Just like Tumblr, Reddit seem intent on killing themselves, although these days I'm not so sure. When Elon took over Twitter everyone was saying that all the users would leave and it would die. This is not the case, human nature means that people seek familiarity and will cling on, hmm.

replies(1): >>eru+Etd

>>doglea+Nm2
Yep this is exactly why

>>dagesh+dA1
>The web is in the process of rapidly filling up with AI regurgitated garbage

This is already the case. See the oceans of crap SEO optimized "food recipe sites". It's unbearable.

So sad that, BBC back in 199ps and 2000s, there were so many random sites to visit with interesting things. Search engines were of actual use.

Now, it's basically facebook, reddit, pinterest, instagram, stackoverflow , and a couple of counted others, depending on what you like. And EVERYTHING is monetized.

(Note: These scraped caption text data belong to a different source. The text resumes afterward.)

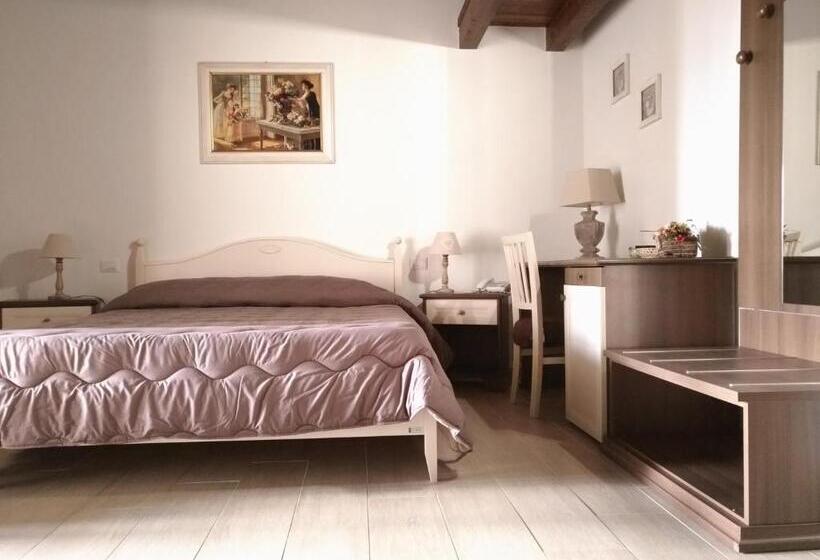 Номер Deluxe Вид на Море, Agriturismo Le Campanelle   Sicilia   Cefalù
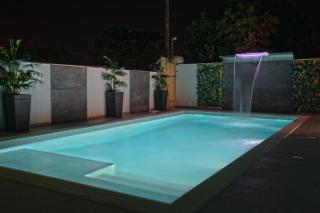 Thermis Luxury Villa, Loutraki - Loutraki - 6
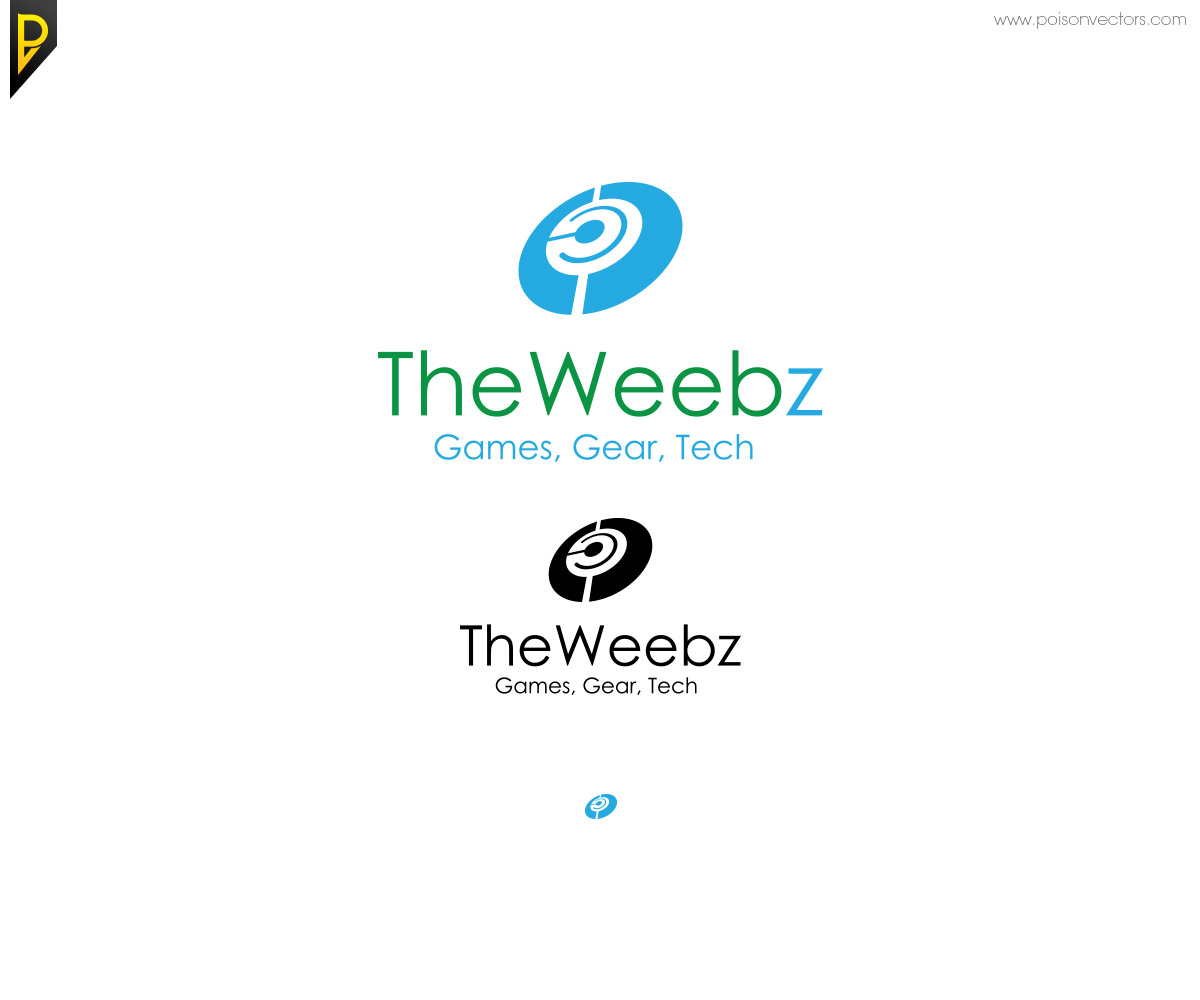 Logo-Design von poisonvectors für dieses Projekt | Design #4156866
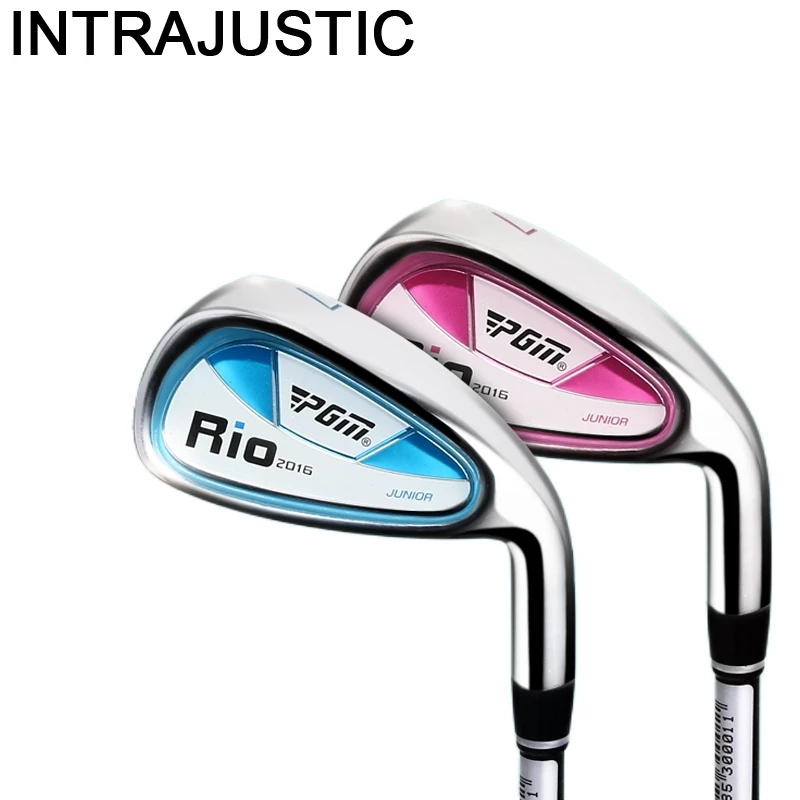 タコcunhas Golfe Hierros Kije Golfoweスポーツ子供ランファンpgm Golfsport Golfclubアクセサリーpalosデパタードライバ男性ゴルフクラブ ゴルフクラブ Aliexpress
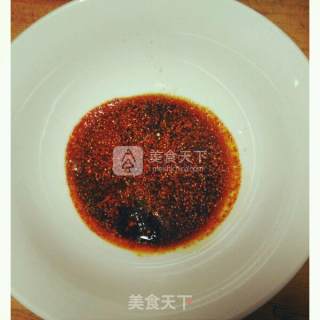 改良版家庭酸辣粉的做法步骤：14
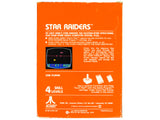 Star Raiders Video Touch Pad [Picture Label] (Atari 2600)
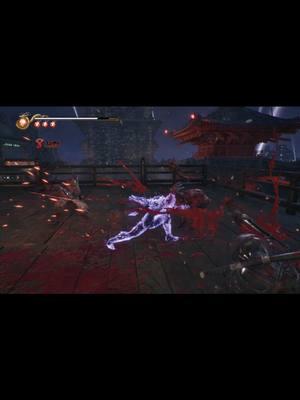 Replying to @eddieversace26 #ninjagaiden2 black remake is decent (wish the difficulty was more like the og Xbox version but it's fine) #ninjagaiden #ninjagaiden3 #platinum #platinumgames #fyp #fypシ #fypage #foryoupage #trending #trend #foru #forupagee #forupage #xbox 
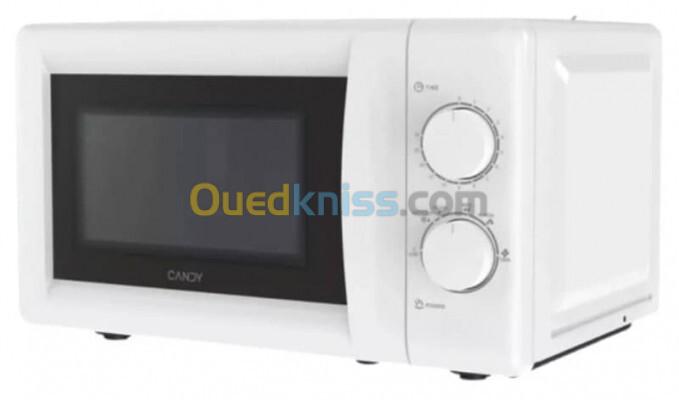 MICRO ONDE CANDY 20L BLANC CMW20MW - CMW20MW 2
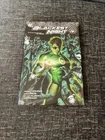 Blackest Night - DC Comics Hardback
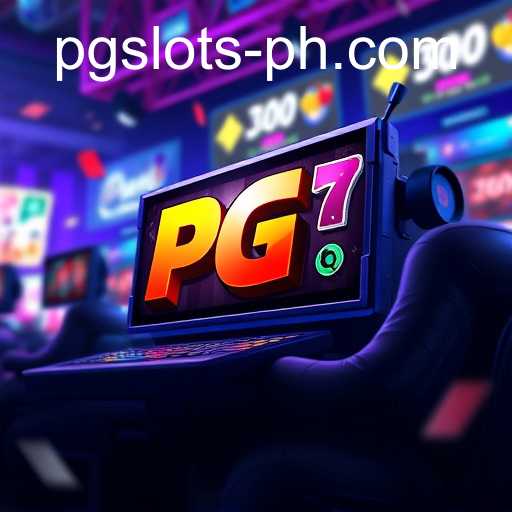 The Rise of PG Slots in Online Gaming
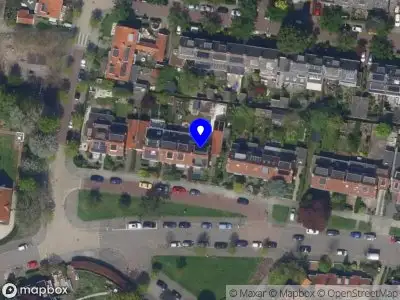 Nieuw bedrijf Argentaria B.V.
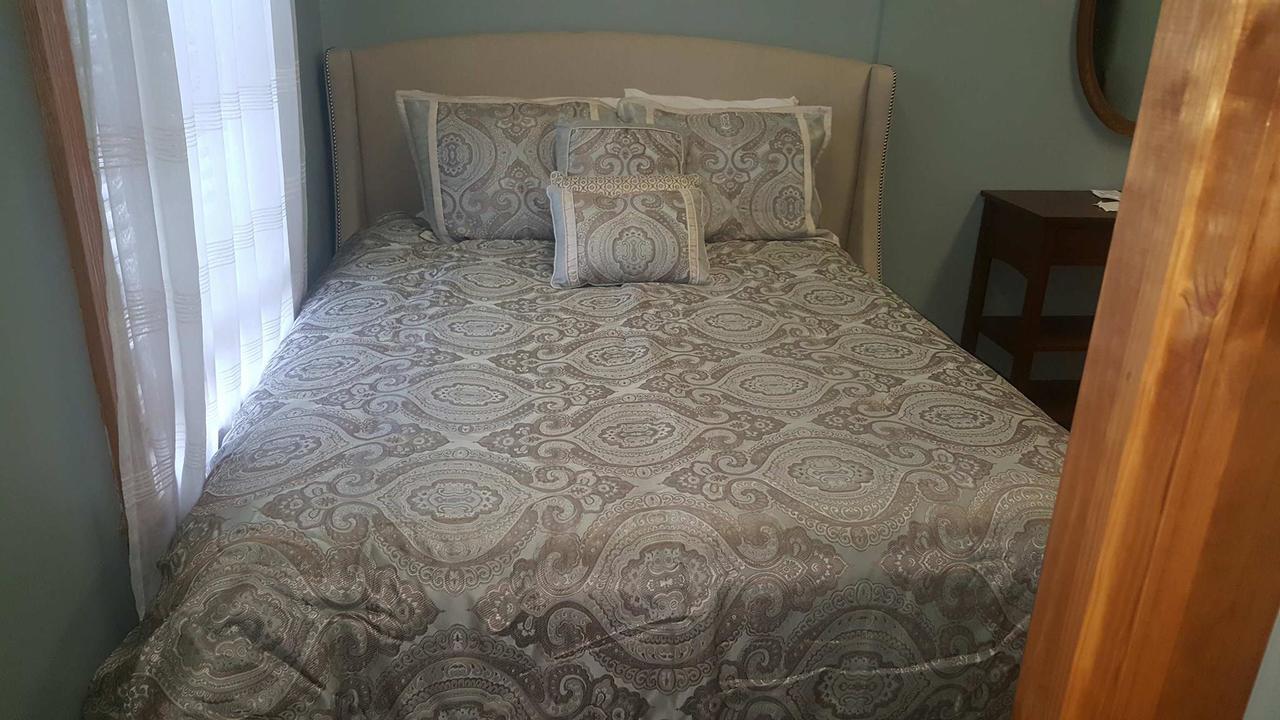 The Bradford Inn Towanda ภายนอก รูปภาพ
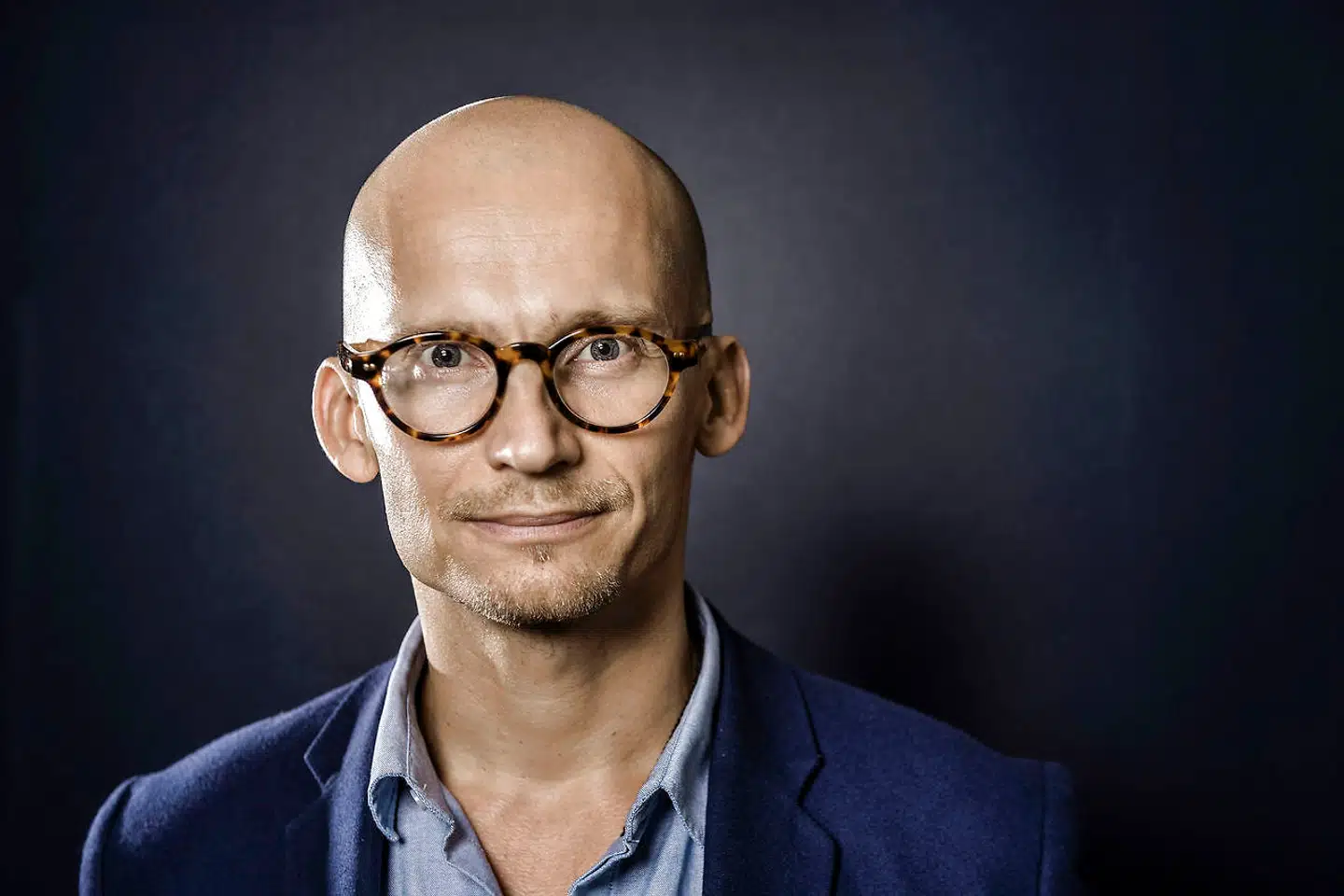 Erhvervsmanden Christian Stadil forlader sammen med en række andre prominente navne bestyrelsen for tatoveringsplatformen Tattoodo.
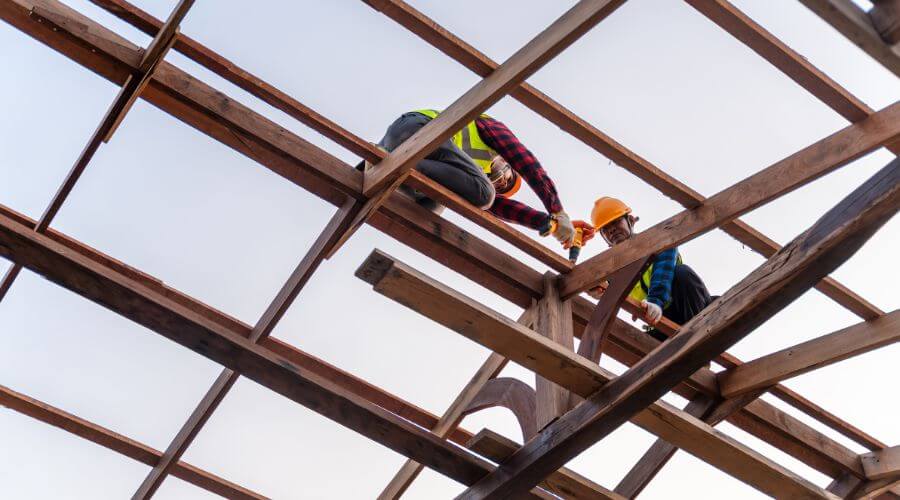 Professional gutter cleaning services in Costa, WV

The WWW of today is terrible.

Now

>>58x14+(OP)
I don't think the LLM boom caused Twitter's first API lockdown in 2012, nor do I really think it's anything to do with the more recent final nail which seems much more in tune with Elon's twitter trying to increase ARPU/engagement while also dealing with a 90% reduction in headcount.

>>eru+gf1
You’re right, but I think it’s also pretty clear that

A) there is demand for functionality that depends on semi-real-time data, e.g. a prompt like “explain {recent_trending_topic} to me and describe its evolution” where the return could be useful in various contexts;

B) the degradation of search experience and the explosion of chat interfaces seem to indicate “the future of search is chat” and the number of Google searches prefixed or suffixed with “Reddit” make it obvious that LLM-powered chat models with search functionality will want to query Reddit extensively, and in the example prompt above, the tree of queries generated to fulfill a single prompt could be sizeable;

C) improvements to fine-tuning pipelines make it more and more feasible to use real-time data in the context of LLMs, such as a “trending summary” function that could cache many potentially related queries from Reddit, Twitter, etc and use them to fine-tune a model which would serve a response to my example prompt

>>fennec+gI2
> Just like Tumblr, Reddit seem intent on killing themselves, although these days I'm not so sure. When Elon took over Twitter everyone was saying that all the users would leave and it would die. This is not the case, human nature means that people seek familiarity and will cling on, hmm.

Wouldn't network effects be the obvious null hypothesis, before we start speculating about human nature?